Consider the following sample table from a soccer tournament (let’s call this table matches
)
+----------+---------+--------------+
| match_id | club_id | goals_scored |
+----------+---------+--------------+
| 1 | 1 | 1 |
| 1 | 2 | 0 |
| 2 | 1 | 1 |
| 2 | 3 | 1 |
| 3 | 1 | 0 |
| 3 | 4 | 2 |
| 4 | 2 | 2 |
| 4 | 3 | 4 |
| 5 | 2 | 4 |
| 5 | 4 | 0 |
| 6 | 3 | 1 |
| 6 | 4 | 1 |
+----------+---------+--------------+
The resulting table we want should give us each club’s total goals scored AND goals conceded:
+---------+--------------+----------------+
| club_id | goals_scored | goals_conceded |
+---------+--------------+----------------+
| 1 | 2 | 4 |
| 2 | 6 | 4 |
| 3 | 6 | 4 |
| 4 | 3 | 5 |
+---------+--------------+----------------+
Getting goals scored is straight forward enough…
SELECT SUM(goals_scored),
club_id
FROM matches
GROUP BY club_id
but I am absolutely flummoxed as to how to get it for each team’s opponents.

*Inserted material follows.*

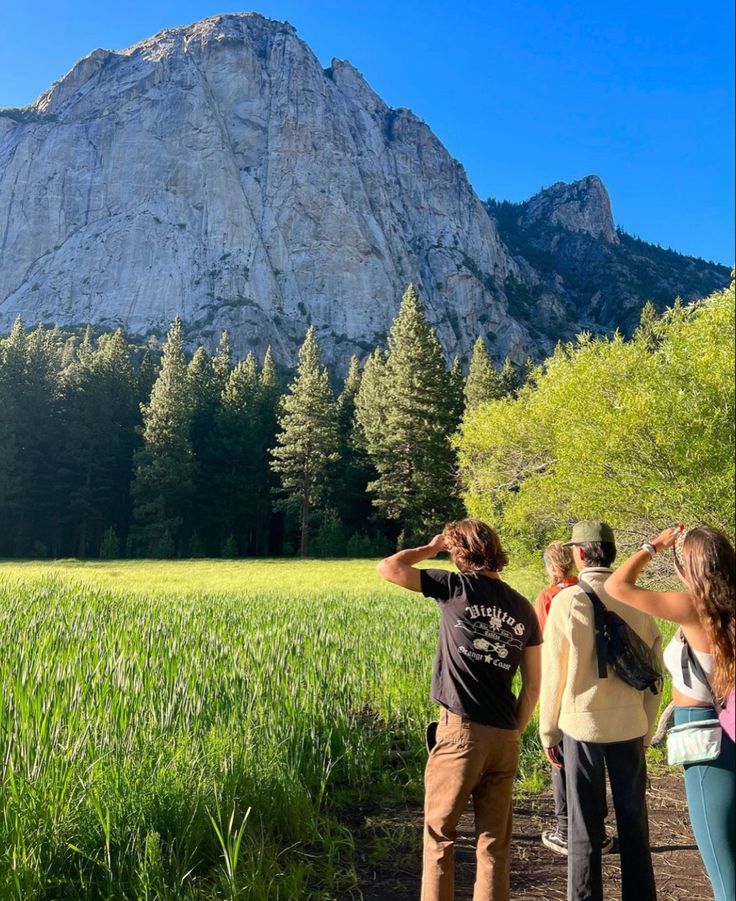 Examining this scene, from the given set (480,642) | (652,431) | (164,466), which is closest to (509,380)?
(164,466)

I could, of course, construct a pretty complex array of subqueries to get there. If this were application-side work I’d likely just stuff it in a loop and iterate over each club to get there, but my use case requires a SQL answer if possible. Any thoughts?

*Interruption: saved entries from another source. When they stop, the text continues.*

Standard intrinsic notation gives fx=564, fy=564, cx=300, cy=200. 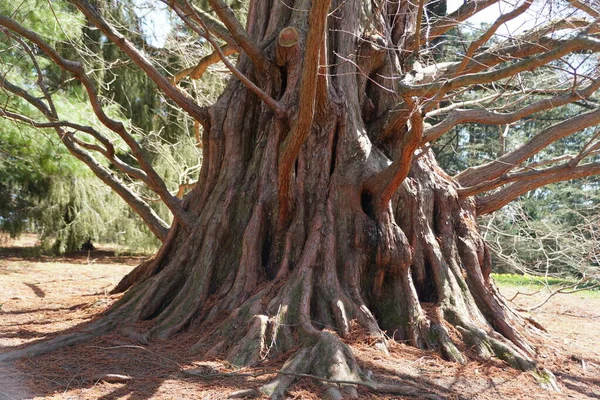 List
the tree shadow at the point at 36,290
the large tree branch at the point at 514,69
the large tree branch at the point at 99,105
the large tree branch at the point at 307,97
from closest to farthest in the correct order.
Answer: the large tree branch at the point at 514,69, the large tree branch at the point at 307,97, the large tree branch at the point at 99,105, the tree shadow at the point at 36,290

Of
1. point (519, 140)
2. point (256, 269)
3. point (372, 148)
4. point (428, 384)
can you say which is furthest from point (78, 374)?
point (519, 140)

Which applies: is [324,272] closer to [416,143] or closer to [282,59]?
[416,143]

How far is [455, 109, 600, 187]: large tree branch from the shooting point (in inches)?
228

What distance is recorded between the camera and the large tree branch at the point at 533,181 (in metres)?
5.77

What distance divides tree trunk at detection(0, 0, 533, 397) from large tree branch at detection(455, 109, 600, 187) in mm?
344

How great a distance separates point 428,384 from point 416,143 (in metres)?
2.06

edit: also if anyone has any better ideas on how to title this question, I’m all ears – I’m not really sure exactly how to describe this problem in the first place.
Advertisement
Answer
We can use a self-join approach here:
SELECT
m1.club_id,
SUM(m1.goals_scored) AS goals_scored,
SUM(m2.goals_scored) AS goals_conceded
FROM matches m1
INNER JOIN matches m2
ON m2.match_id = m1.match_id AND
m2.club_id <> m1.club_id
GROUP BY
m1.club_id
ORDER BY
m1.club_id;
This approach brings the goals conceded by each club to the other club, for each match, into a single row. We then just aggregate by club to get the two sums.